Ее имя – Винни Ссаню-Ссерума (Winnie Ssanyu-Sseruma).

Врачи спрашивают ее, кто она и зачем пришла, и берут у нее анализы. Результаты приводят их в ужас. Количество CD4-клеток у здорового человека составляет от 500 до 1 600. У Винни – одна клетка. Ее может убить любая инфекция. Врачи задают дополнительные вопросы: «Где вы были? Как вы дошли до такого состояния? Каков ваш иммиграционный статус?».

Она начинает им отвечать. Врачи умоляют ее вернуться, чтобы они могли следить за состоянием ее здоровья и давать ей новые препараты. Но Винни это не интересно. Она готова умереть.

Двадцать лет спустя Винни сидит в своей гостиной и вспоминает те времена. Ее глаза часто наполняются слезами, говорит она мягким и низким голосом. На стене в прихожей висит черно-белая картина. На ней изображена Винни – какой она была в 1990-е годы. Это детальный рисунок, выполненный на основе фотографии ее лица. На нем не видно, какой худой она была.

Винни появилась на свет в Шеффилде, Англия, в 1961 году. Когда девочке было два года, ее родители вернулись на родину, в Уганду. Тогда в их семье насчитывалось семь членов. Сегодня осталось четверо.

В 19-летнем возрасте Винни получила право на стипендию в одном из вузов Канзаса, США, и в 1988 году переехала в Мэриленд, чтобы пройти там преддипломную практику. Для этого ей потребовалось сделать полное медицинское обследование, включая тест на ВИЧ-инфекцию.

«Когда мне сказали, что мой анализ – положительный, я подумала: “Раз он положительный, значит, всё хорошо. Позитивно – это хорошо, негативно - плохо”», - говорит она. – «Но врач сказал мне, что ВИЧ-позитивный статус означает, что у меня – ВИЧ, лекарства от которого нет, поэтому никто не может сказать точно, сколько мне осталось. Рассказывал он об этом очень будничным голосом. Я же словно онемела».

По словам женщины, с того момента ее жизнь полностью изменилась.
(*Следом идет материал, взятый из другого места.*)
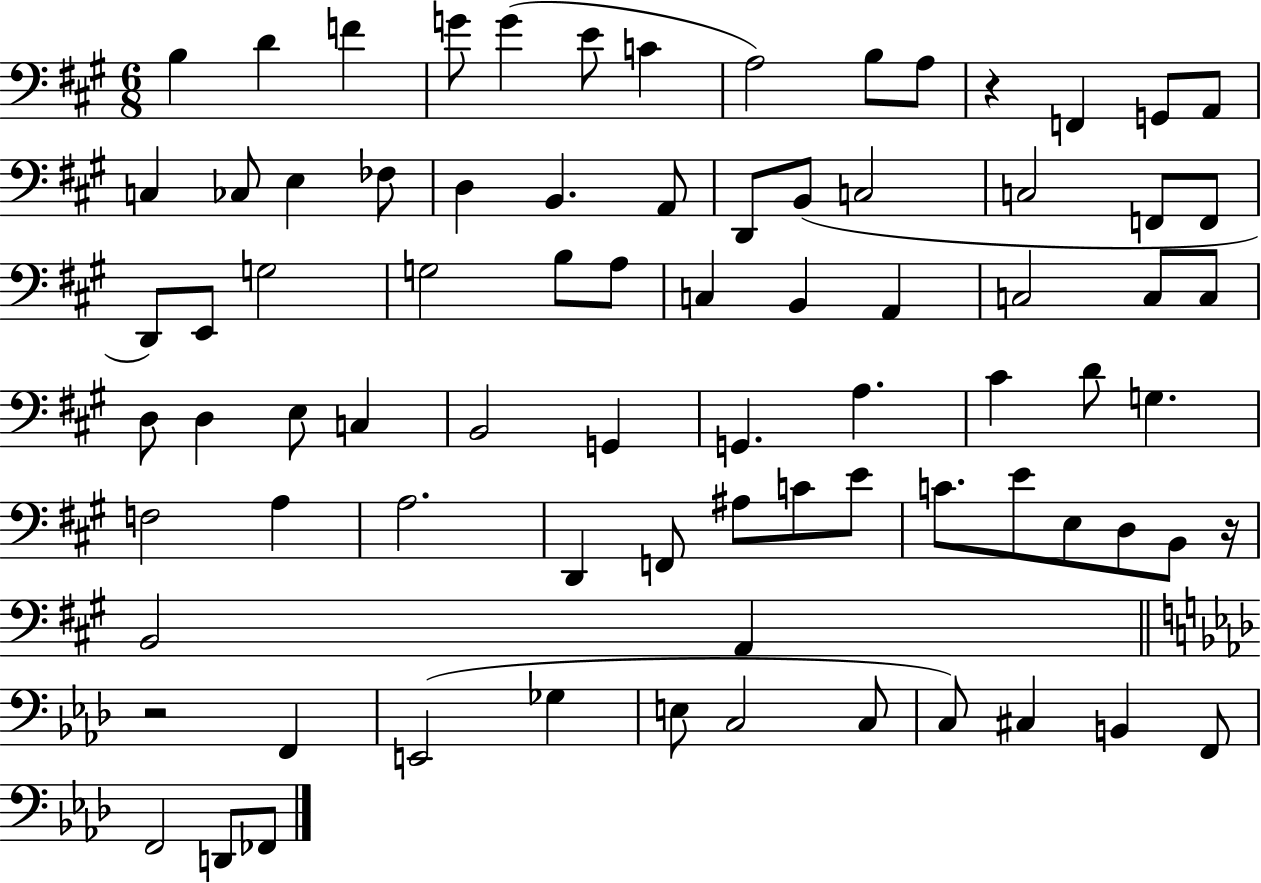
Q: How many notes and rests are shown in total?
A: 80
Она решила никому не рассказывать о своей болезни.

На фото Ssanyu Sserume в середине 90-х годов

«В то время все новости, касающиеся ВИЧ, были очень мрачными», - говорит женщина. – «В Уганде о ВИЧ знали хорошо. Он “косил” целые деревни. Я не знала женщин, живущих с ВИЧ в США, да еще и стигма…эти факторы твердили мне: “Просто держи рот на замке”». Кроме того, ей потребовалось время, чтобы понять это состояние.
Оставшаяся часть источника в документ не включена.